I loaded the imdb_movies_dataset.csv file using the read_csv() function. To reduce unnecessary complexity, I selected only the essential columns: Title, Genre, Review Title, and Review. Additionally, a review_id column was added to each review using the row_number() function, which allowed me to track word-review relationships in subsequent analytical stages.

For text preprocessing, I replaced HTML line break tags like within the review text with standard spaces. Then I removed all special characters, retaining only alphabetic characters and spaces to ensure clean English text. Following this, each review text was tokenized into individual words. To filter out excessively long or potentially malformed words, I removed any words exceeding 10 characters. Furthermore, beyond the standard stop_words lexicon, I specifically removed the word ‘plot’ as it frequently appears in movie reviews but does not significantly impact sentiment analysis.

movie_review <- read_csv("imdb_movies_dataset.csv")
## Rows: 10000 Columns: 15
## ── Column specification ────────────────────────────────────────────────────────
## Delimiter: ","
## chr (9): Poster, Title, Certificate, Genre, Director, Cast, Description, Rev...
## dbl (4): Year, Duration (min), Rating, Metascore
## num (2): Votes, Review Count
## 
## ℹ Use `spec()` to retrieve the full column specification for this data.
## ℹ Specify the column types or set `show_col_types = FALSE` to quiet this message.
custom_stop_words <- bind_rows(
  tibble(word = "plot", lexicon = "custom"), stop_words)
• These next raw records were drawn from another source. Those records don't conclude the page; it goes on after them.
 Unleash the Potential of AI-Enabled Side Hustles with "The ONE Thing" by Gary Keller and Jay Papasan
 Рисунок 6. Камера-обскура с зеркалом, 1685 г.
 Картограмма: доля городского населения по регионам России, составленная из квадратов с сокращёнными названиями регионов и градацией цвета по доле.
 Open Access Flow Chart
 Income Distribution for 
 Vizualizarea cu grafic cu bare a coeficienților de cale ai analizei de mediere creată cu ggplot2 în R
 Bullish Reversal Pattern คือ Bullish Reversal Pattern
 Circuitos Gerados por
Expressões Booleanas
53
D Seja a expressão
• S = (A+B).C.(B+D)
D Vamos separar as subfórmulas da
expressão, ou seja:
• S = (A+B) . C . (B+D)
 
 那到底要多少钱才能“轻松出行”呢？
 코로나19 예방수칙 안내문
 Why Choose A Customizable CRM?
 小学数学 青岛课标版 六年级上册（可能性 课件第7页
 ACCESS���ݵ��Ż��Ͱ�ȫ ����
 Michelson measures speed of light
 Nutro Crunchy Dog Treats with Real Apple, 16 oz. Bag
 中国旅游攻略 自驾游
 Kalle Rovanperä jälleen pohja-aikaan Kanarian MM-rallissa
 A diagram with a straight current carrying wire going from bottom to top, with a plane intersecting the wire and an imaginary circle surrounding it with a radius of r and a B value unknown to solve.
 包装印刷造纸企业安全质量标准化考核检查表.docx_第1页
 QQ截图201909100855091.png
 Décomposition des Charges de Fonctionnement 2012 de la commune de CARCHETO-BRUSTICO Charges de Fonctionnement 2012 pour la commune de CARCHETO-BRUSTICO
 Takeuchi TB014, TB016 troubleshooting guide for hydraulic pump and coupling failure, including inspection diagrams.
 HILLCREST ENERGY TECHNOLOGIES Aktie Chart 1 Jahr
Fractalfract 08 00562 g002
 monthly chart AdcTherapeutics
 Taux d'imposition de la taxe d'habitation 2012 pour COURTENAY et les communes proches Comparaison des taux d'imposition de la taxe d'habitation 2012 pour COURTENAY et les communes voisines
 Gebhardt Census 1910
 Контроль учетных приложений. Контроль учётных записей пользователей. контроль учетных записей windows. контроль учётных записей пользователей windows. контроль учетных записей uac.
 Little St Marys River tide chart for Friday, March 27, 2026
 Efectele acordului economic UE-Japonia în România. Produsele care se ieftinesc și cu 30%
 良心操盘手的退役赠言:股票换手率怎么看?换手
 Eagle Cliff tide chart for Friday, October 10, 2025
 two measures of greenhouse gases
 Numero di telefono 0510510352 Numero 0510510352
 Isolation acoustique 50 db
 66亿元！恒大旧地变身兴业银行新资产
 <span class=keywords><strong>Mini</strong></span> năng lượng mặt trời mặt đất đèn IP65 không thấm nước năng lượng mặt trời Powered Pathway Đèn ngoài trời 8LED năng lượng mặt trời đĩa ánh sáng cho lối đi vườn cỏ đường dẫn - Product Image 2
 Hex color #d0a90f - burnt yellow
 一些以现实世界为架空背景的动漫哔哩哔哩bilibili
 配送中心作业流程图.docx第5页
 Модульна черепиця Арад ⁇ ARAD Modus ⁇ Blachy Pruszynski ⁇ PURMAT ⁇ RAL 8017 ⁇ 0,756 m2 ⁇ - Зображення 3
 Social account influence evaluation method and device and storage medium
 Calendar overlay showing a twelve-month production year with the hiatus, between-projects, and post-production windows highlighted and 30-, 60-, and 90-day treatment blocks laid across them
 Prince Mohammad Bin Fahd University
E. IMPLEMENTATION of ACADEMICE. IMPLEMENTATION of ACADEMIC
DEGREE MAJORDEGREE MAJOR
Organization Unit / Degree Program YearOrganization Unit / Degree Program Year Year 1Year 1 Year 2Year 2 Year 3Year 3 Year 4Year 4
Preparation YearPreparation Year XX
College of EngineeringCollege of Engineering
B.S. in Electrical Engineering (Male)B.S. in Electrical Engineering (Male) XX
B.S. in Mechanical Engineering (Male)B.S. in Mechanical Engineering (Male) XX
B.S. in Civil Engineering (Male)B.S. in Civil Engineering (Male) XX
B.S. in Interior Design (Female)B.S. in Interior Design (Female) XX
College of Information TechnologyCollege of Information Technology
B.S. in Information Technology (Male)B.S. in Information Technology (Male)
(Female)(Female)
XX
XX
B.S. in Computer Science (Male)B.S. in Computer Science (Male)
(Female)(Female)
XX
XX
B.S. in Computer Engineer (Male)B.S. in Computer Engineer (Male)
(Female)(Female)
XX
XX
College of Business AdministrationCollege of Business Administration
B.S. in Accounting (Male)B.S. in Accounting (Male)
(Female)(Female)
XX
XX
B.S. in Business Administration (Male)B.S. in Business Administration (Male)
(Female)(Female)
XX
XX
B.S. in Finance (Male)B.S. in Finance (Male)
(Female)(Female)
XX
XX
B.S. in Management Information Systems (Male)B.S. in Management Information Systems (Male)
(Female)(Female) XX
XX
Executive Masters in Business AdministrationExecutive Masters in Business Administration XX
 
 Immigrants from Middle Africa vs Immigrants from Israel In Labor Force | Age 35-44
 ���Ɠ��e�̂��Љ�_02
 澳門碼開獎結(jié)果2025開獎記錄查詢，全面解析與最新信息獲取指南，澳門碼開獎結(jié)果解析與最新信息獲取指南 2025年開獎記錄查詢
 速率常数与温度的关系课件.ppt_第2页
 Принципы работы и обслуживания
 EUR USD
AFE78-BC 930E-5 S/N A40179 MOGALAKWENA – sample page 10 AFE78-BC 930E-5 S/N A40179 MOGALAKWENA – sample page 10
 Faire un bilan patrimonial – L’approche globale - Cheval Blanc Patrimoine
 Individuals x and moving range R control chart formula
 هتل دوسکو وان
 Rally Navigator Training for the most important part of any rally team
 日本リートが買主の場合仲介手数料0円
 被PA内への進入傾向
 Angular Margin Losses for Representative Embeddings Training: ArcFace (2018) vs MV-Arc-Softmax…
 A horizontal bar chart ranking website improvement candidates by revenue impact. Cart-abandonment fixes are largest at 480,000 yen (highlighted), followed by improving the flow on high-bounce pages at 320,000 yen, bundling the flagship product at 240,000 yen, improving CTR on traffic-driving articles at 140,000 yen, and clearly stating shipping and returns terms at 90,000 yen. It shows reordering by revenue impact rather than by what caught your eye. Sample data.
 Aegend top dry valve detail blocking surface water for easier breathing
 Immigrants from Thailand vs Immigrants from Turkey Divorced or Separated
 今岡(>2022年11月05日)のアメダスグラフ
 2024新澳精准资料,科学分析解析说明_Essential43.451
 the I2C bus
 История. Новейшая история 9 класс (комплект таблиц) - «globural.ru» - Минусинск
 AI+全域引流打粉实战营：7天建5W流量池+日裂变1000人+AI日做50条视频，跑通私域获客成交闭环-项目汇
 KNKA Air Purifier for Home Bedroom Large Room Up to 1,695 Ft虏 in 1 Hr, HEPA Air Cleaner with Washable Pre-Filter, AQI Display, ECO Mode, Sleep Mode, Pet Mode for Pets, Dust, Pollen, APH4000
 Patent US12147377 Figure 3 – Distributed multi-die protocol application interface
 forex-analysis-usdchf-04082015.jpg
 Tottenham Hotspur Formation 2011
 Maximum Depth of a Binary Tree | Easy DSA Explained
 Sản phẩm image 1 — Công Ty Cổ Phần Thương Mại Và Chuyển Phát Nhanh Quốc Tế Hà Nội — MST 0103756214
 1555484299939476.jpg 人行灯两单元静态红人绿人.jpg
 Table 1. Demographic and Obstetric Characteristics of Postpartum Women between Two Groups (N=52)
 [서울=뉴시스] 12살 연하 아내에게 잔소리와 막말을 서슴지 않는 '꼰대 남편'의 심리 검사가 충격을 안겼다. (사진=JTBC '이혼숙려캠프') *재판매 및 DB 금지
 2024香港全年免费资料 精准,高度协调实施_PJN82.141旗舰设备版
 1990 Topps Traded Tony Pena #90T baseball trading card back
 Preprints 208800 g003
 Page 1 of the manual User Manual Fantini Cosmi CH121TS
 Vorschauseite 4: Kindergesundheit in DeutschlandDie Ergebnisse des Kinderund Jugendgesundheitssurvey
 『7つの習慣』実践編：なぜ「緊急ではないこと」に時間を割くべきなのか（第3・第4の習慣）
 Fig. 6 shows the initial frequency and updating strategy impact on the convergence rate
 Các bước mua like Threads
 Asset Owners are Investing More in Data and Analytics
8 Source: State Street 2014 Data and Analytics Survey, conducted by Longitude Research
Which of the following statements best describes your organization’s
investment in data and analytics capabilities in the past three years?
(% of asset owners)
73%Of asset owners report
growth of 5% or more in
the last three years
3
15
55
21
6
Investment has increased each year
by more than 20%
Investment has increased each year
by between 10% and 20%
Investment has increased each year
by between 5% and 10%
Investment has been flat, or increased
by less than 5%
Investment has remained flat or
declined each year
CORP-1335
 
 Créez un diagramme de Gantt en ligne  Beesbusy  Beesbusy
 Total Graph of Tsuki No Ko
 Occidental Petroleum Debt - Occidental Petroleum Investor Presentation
movie_tidy <- movie_review %>%
  select(Title, Genre, `Review Title`, Review) %>%
  mutate(review_id = row_number()) %>%
  mutate(Review = str_replace_all(Review, "<br\\s*/*>", " ")) %>% 
  mutate(Review = str_replace_all(Review, "[^a-zA-Z\\s]", "")) %>% 
  unnest_tokens(word, Review) %>% 
  filter(nchar(word) <= 10) %>%
  anti_join(custom_stop_words, by = "word")
movie_tidy
## # A tibble: 965,728 × 5
##    Title           Genre                  `Review Title`       review_id word   
##    <chr>           <chr>                  <chr>                    <int> <chr>  
##  1 The Idea of You Comedy, Drama, Romance Hypocrisy as an idea         1 film   
##  2 The Idea of You Comedy, Drama, Romance Hypocrisy as an idea         1 reacti…
##  3 The Idea of You Comedy, Drama, Romance Hypocrisy as an idea         1 wonder…
##  4 The Idea of You Comedy, Drama, Romance Hypocrisy as an idea         1 modern 
##  5 The Idea of You Comedy, Drama, Romance Hypocrisy as an idea         1 story  
##  6 The Idea of You Comedy, Drama, Romance Hypocrisy as an idea         1 adult  
##  7 The Idea of You Comedy, Drama, Romance Hypocrisy as an idea         1 woman  
##  8 The Idea of You Comedy, Drama, Romance Hypocrisy as an idea         1 attrac…
##  9 The Idea of You Comedy, Drama, Romance Hypocrisy as an idea         1 guy    
## 10 The Idea of You Comedy, Drama, Romance Hypocrisy as an idea         1 son    
## # ℹ 965,718 more rows

Individual analysis and figures

1. Overall Positive/Negative Sentiment Trend Identification in Movie Reviews

To understand the trends in positive and negative movie review sentiments, the Bing lexicon was utilized. During the analysis, I identified that ‘funny’ was classified as a negative term in the lexicon, so I reclassified it as a positive term.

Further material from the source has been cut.